[La mia esperienza] Ho un calcolo urinario ahah — dal supplizio della domenica a tutto ciò che ho studiato sul serio: cause, prevenzione, costi dell'operazione
Una domenica, un dolore da contorcersi ha rivelato un calcolo urinario di 6–8 mm. Studiato dal paziente stesso: la causa del dolore, chi è a rischio, il caffè e i costi reali della chirurgia.
Ebbene sì, è successo: ho un calcolo urinario ahah.
Una domenica mattina mi ha colpito un dolore mai provato prima, dal fianco fino al basso ventre. In piedi faceva male. Seduto faceva male. Sdraiato faceva male. Essendo domenica non c'era nessun ambulatorio aperto, così ho passato l'intera giornata rannicchiato a stringere i denti. Lunedì all'alba sono corso in ospedale, dove la diagnosi è arrivata quasi con nonchalance: «È un calcolo ureterale». Antidolorifici, e finalmente sono tornato a sentirmi umano — ma la pietra era già cresciuta a 6–8 mm e non ha alcuna fretta di uscire.
Così ho deciso di studiare la questione fino in fondo. Per tutti quelli che sono arrivati su questa pagina cercando con lo stesso dolore: ecco tutto quello che il paziente stesso ha studiato sul serio. (Questa è un'esperienza personale più i miei appunti di ricerca — per diagnosi e cure, dal medico!)
Pare che quel dolore sia uno dei «tre grandi» della medicina#
L'ho scoperto solo dopo: il dolore del calcolo urinario è classificato tra i «tre grandi dolori» della medicina, insieme al parto e alla nevralgia del trigemino. Per forza faceva così male. È anche citato, accanto a infarto ed emorragia subaracnoidea, tra i motivi frequenti di chiamata dell'ambulanza. L'incidenza in Giappone cresce anno dopo anno — ormai è una vera «malattia moderna».

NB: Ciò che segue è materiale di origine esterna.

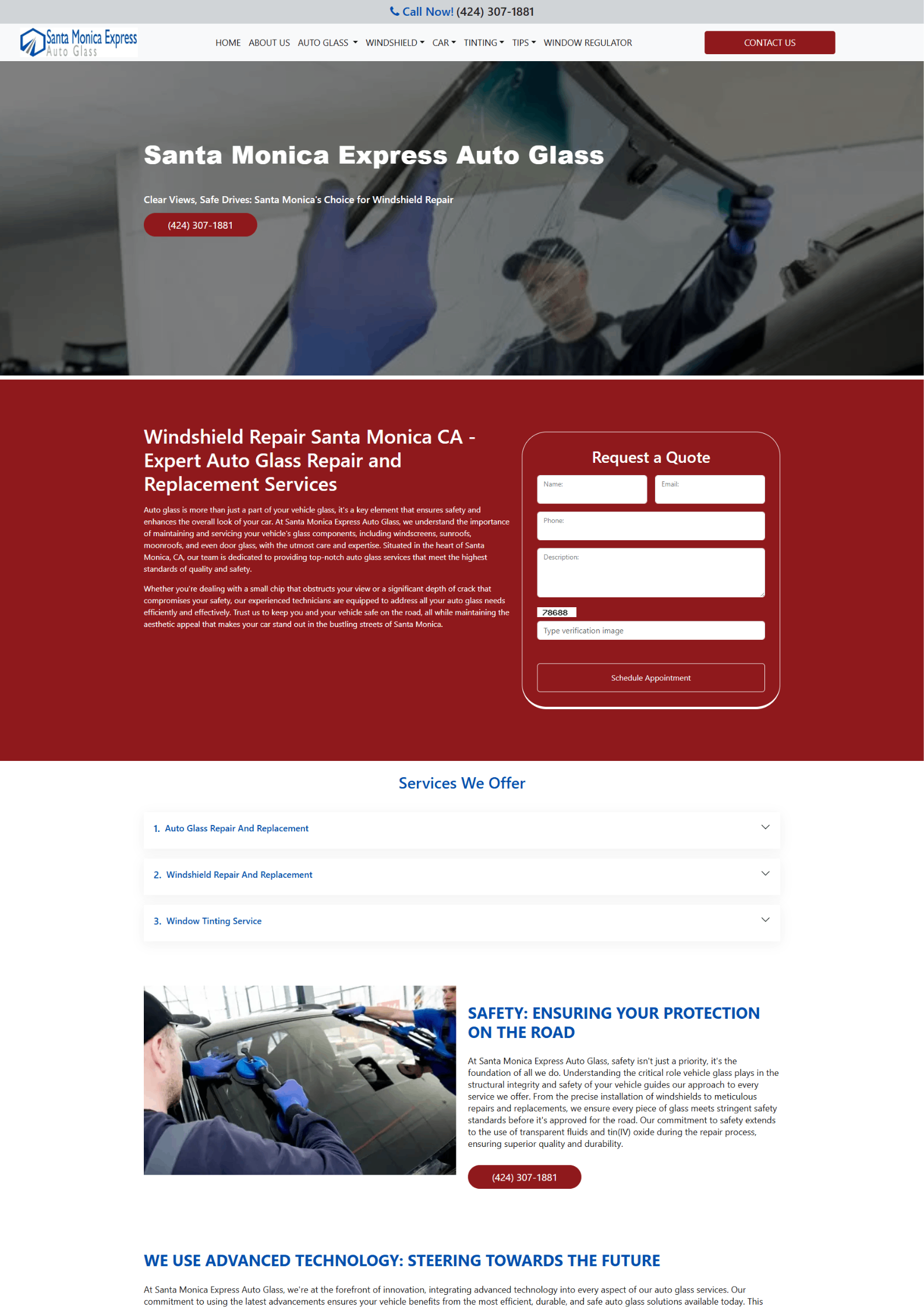 Santa Monica Express Auto Glass project image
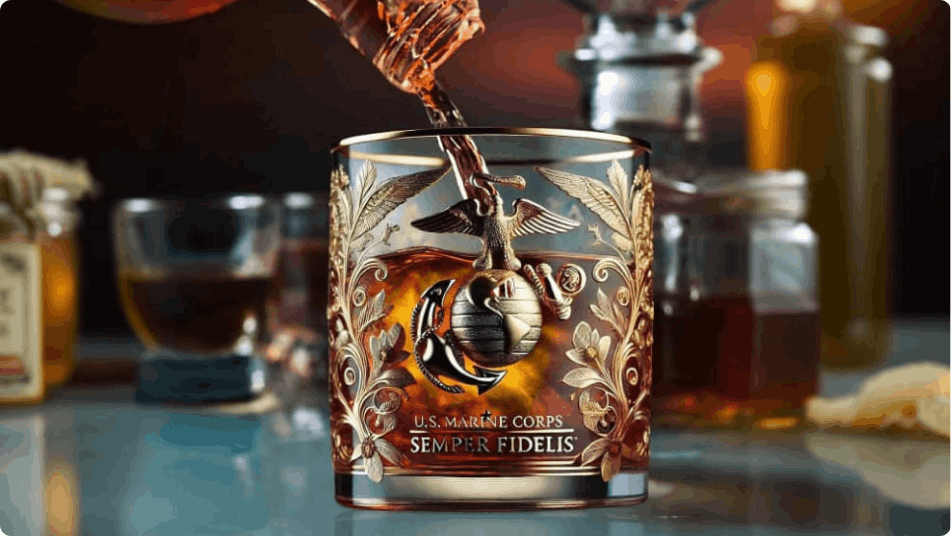 Sheremart Veteran Tribute Glass order now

Il meccanismo è questo: calcio, ossalato, acido urico e altre sostanze nelle urine cristallizzano e si insediano da qualche parte nelle vie urinarie (rene, uretere, vescica, uretra). A quanto pare una pietra che se ne sta ferma spesso non fa nemmeno male — ma nell'istante in cui una pietra formatasi nel rene scivola nell'uretere, un tubo di appena 4–7 mm di diametro, comincia l'inferno. Il cristallo duro intasa il tubo, l'urina si accumula, la pressione nella pelvi renale schizza alle stelle e martella i nervi circostanti. Questa è la «colica renale» — la vera identità di ciò che mi ha colpito quella domenica.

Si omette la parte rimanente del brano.